They can't really push for advertising until they eliminate 3rd party API access to the content. That or they have to start charging a usage fee.

Which is interesting. One option they do have is to charge the user for using Reddit via an API, not the apps using the API. If you want to access Reddit via a 3rd party app then you'll have to pay for it - say something on the order of $1.99 per month or $19.99 for the year. I imagine they must have explored that option, so it makes me wonder why they abandoned it.

6 comments

I’m pretty convinced that given the userbase, there exists a small team of exceptional marketers, engineers, and product designers who could come up with a “classic” reddit which could operate at a profit. A combination of ads, API limiting, and a monthly premium charge for some super turbo user features.

The product itself is _done_. The code has been _written_, one can host their own open source reddit this very moment.
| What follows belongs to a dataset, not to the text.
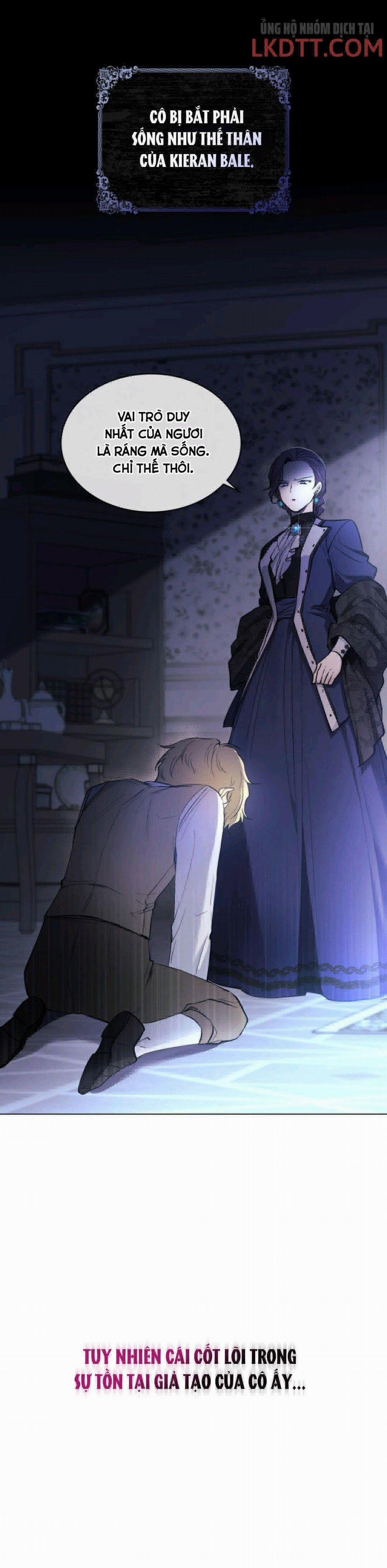 Tìm Lại Camellia 0 trang 9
Image/video storage has long been a problem for reddit, so perhaps users will have to get used to YouTube and Imgur again.
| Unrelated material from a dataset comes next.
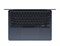 MacBook Air 13, M5 (10c CPU, 10c GPU) RAM 32 ГБ, SSD 2 ТБ, Midnight (Тёмная ночь), английская раскладка (KB-US) 14876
I think people are making too many excuses for Reddit when they act as if the product itself is unmonetizable. It’s not, they largely just hired too aggressively and made some design decisions which have been broadly poorly received.

They’ve effectively owned the space since 2008. I think in another world with different leadership Reddit could be in a much healthier position than it is right now.

The replacement of external links with inferior in-house versions (the reddit video player is particularly egregious) makes sense if you're trying to maximize profit-per-user.

I think there's an alternate timeline where reddit just kept on being a low profit-per-user site, and didn't do the 'monetization-degradation-decline' cycle we've seen so often with other sites over the years. There's no reason why you have to make all the money at once, especially if it's a tried and true method of trashing your platform, just so whoever absorbs all your fleeing users can repeat your mistakes in a few years time.

Why not just stick with what works?

"Think this all the way through - why did Reddit do these things? To attract more users and to generate revenue."

I'd love to see the numbers of how these features actually amplified the experience. My gut tells me not much at all. Tech companies have huge misses all the time trying to make more money and often at the cost of the long-term success of the product.

They're never satisfied with the status quo, are they? Always have to grow, grow, grow!
This is absolutely possible but your numbers are off by a factor of 10, which means it'll be prohibitively expensive for many folks. I worked in advertising once upon a time; do you know the demographic that advertisers are most interested in reaching? It's not women 35-60. It's not men 18-15. It's not college educated minorities in Alabama. It's not any of these. The folks advertisers are dying to reach -- the reason they spend all that sweet, sweet ad money in the first place is to reach people who have the discretionary income to throw away $5/mo on a free website. People who spend money on the internet -- for a site that is free no less -- are going to be a gold-mine. The average ad revenue per user of this demographic is easily 10x higher than the overall per-user ad revenue site-wide; and if you take away these users advertisers will pull back spending and you'll actually get a bigger loss. You need to charge way more in subscription fees to make up for this ad spend loss.
Because the suits want more money, while we just want a functional reddit alternative. I know this is difficult for you MBA types but not everything exists to maximize profits.
> what are you going to do to solve Reddit's income problem?

Spend way less, in almost every category.

Not every business needs to do a billion dollars, or a billion users, or a billion x.